D. Rusin summarizes what's known; the existence of an isometric
immersion into R4 is apparently open.
Integer distances.
Robert Israel gives a nice proof (originally due to Erdös) of the
fact that,
in any non-colinear planar point set in which all distances
are integers, there are only finitely many points.
Infinite sets of points with rational distances are known,
from which arbitrarily large finite sets of points with integer
distances can be constructed; however it is open whether there are even
seven points at integer distances in general position
(no three in a line and no four on a circle).
Mirrored room illumination.
A summary by Christine Piatko of the old open problem of, given
a polygon in which all sides are perfect mirrors, and a point source
of light, whether the entire polygon will be lit up.
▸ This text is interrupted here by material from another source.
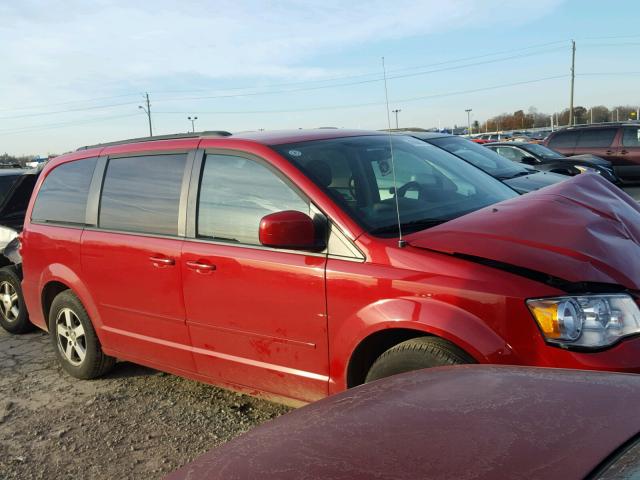 2C4RDGCG5CR210083 - 2012 DODGE GRAND CARA RED photo 1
The answer is no if smooth curves are allowed.
See also Eric Weisstein's page on the
Illumination
Problem.
Primes
of a 14-omino. Michael Reid shows that a 3x6 rectangle with a 2x2
bite removed can tile a (much larger) rectangle.
It is open whether it can do this using an odd number of copies.
Prince
Rupert's tetrahedra? One tetrahedron can be entirely contained in
another, and yet have a larger sum of edge lengths. But how much larger?
From Stan Wagon's
PotW archive.
Pushing
disks together. If unit disks move so their pairwise distances all
decrease, does the area of their union also decrease?
A quasi-polynomial bound for the diameter of graphs of polyhedra,
G. Kalai and D. Kleitman, Bull. AMS 26 (1992). A famous open conjecture in polyhedral
combinatorics (with applications to e.g. the simplex method in linear
programming) states that any two vertices of an n-face polytope are
linked by a chain of O(n) edges. This paper gives the weaker bound
O(nlog d).
Rational triangles.
This well known problem asks whether there exists a triangle with
the side lengths, medians, altitudes, and area all rational numbers.
Randall Rathbun provides some "near misses" -- triangles in which
most but not all of these quantities are irrational.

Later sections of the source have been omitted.